Material provided.
= = = = = = =

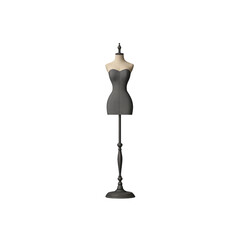 Elegant Gray Fabric Dress Form on Stand
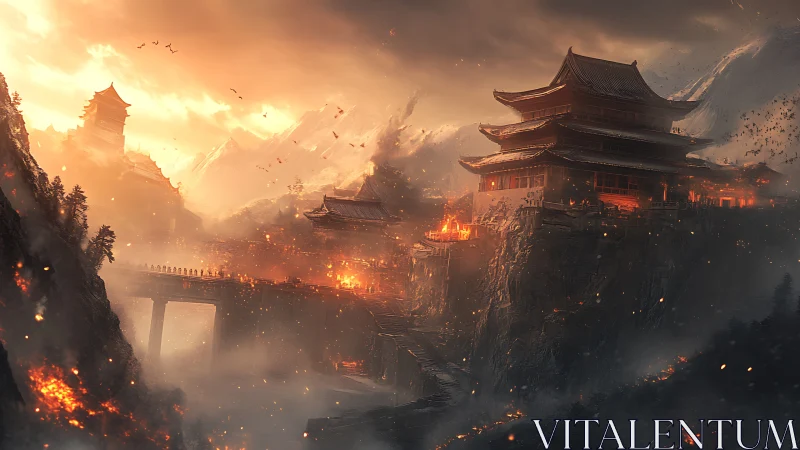 Burning mountain temple complex dominates a misty ravine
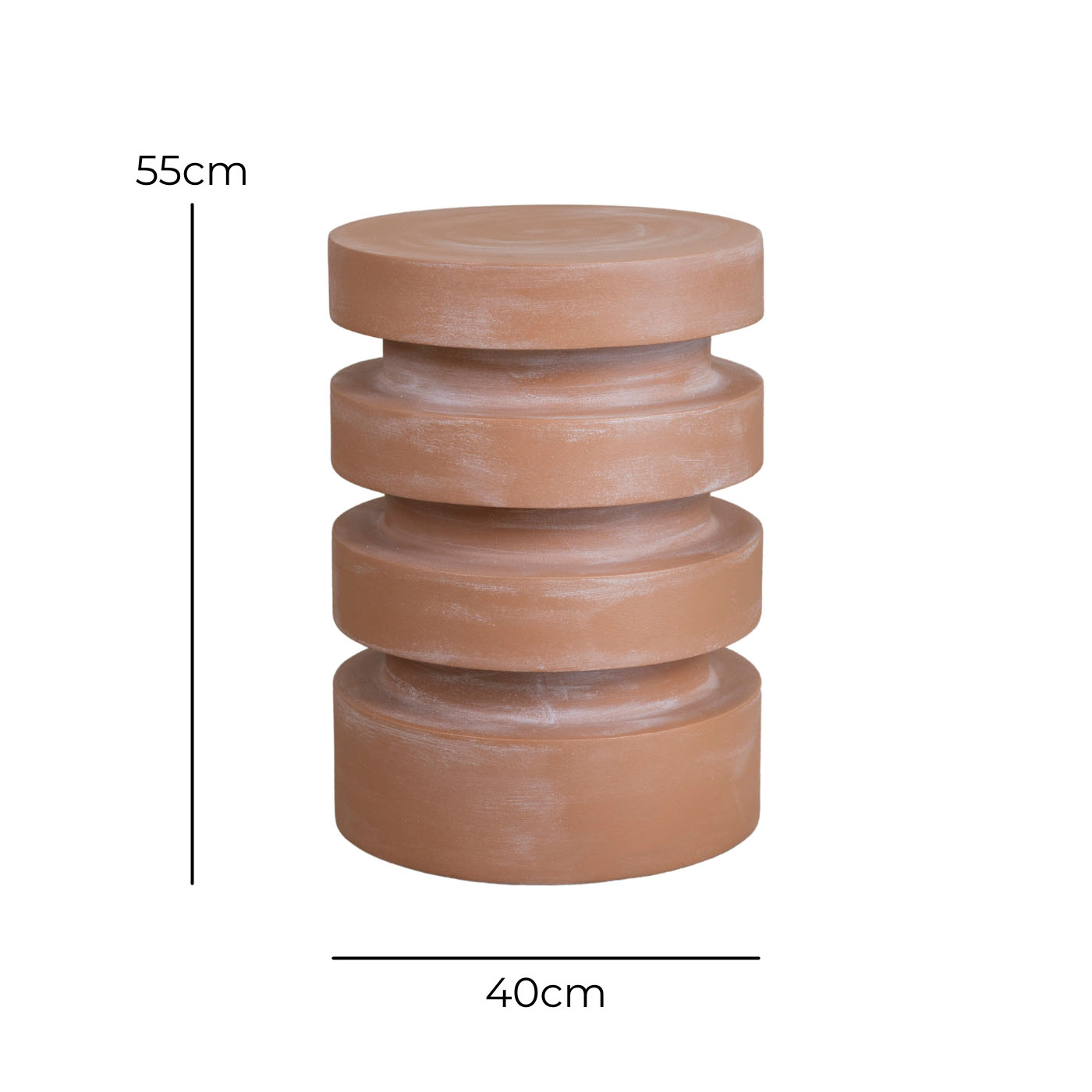 Stacked Ring Side Table – Terracotta – with dimensions marked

= = = = = = =

Activity. Could the listing above be printed again in full, with every picture omitted?

Reply.
 Elegant Gray Fabric Dress Form on Stand
 Burning mountain temple complex dominates a misty ravine
 Stacked Ring Side Table – Terracotta – with dimensions marked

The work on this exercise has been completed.